WHAT THIS TASK INVOLVES: Return the data word for word. Pictures are to be omitted.

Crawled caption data
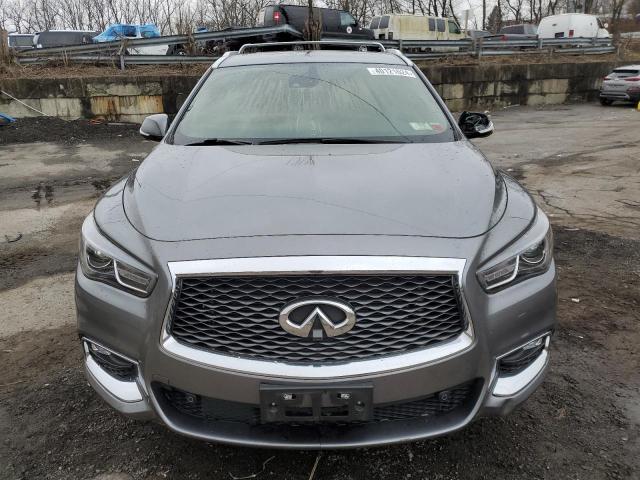 5N1DL0MM5LC544840 - 2020 INFINITI QX60 LUXE GRAY photo 5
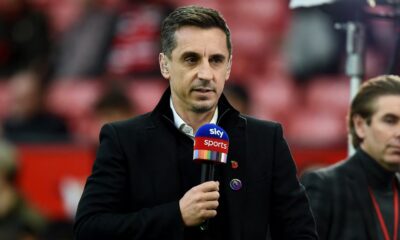 Gary Neville slams "bizarre" Ruben Amorim decision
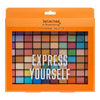 Selected by Superdrug eyeshadow palette 100 shades (British brand)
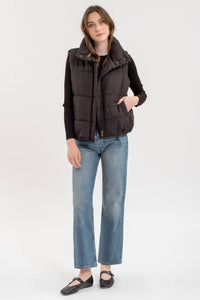 Puffed Up Puffer Vest (3 Colors)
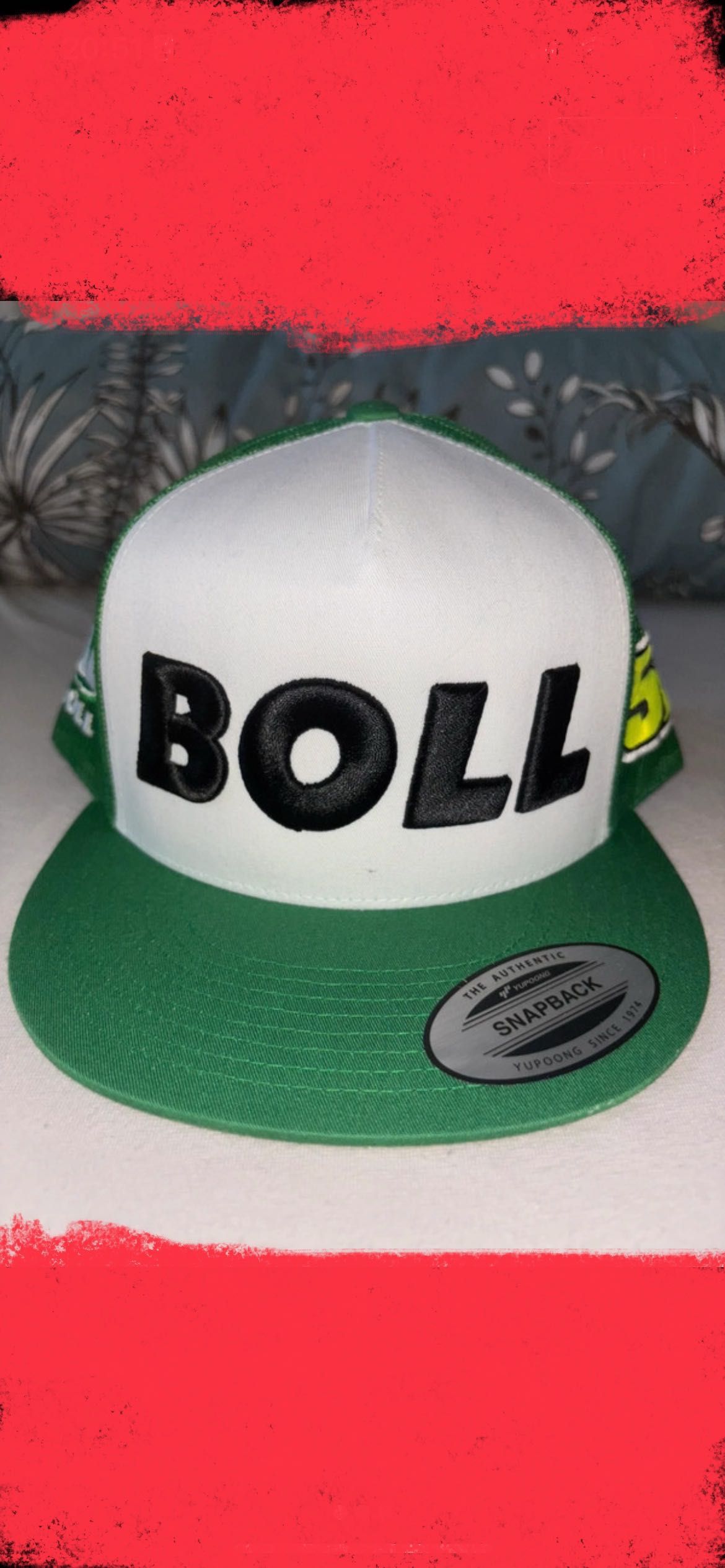 Czapki boll Speedway
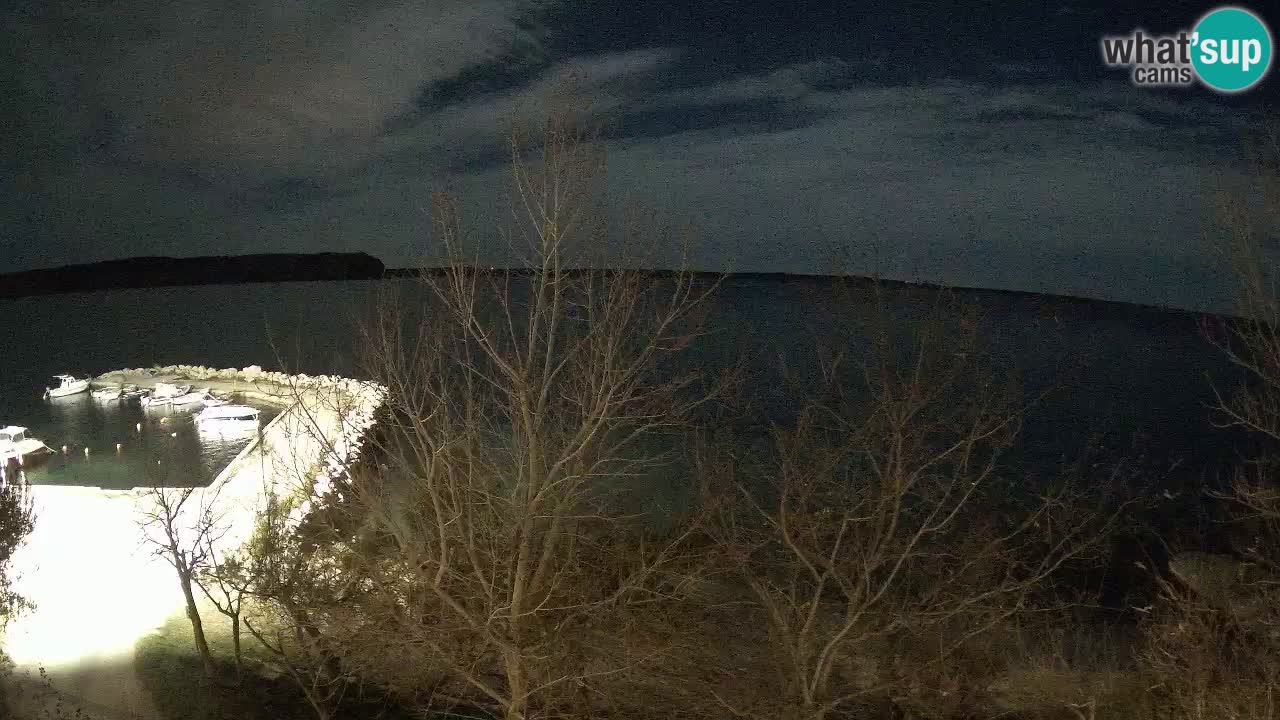 Camping Odmoree webcam Ražanac – Dalmazia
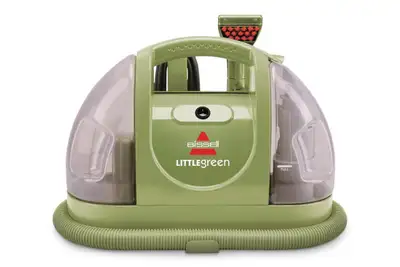 Brand new. Opened box. Green Permanently remove tough spots and stains with strong spray and powerfu...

SOLUTION BELOW:
 5N1DL0MM5LC544840 - 2020 INFINITI QX60 LUXE GRAY photo 5
 Gary Neville slams "bizarre" Ruben Amorim decision
 Selected by Superdrug eyeshadow palette 100 shades (British brand)
 Puffed Up Puffer Vest (3 Colors)
 Czapki boll Speedway
 Camping Odmoree webcam Ražanac – Dalmazia
 Brand new. Opened box. Green Permanently remove tough spots and stains with strong spray and powerfu...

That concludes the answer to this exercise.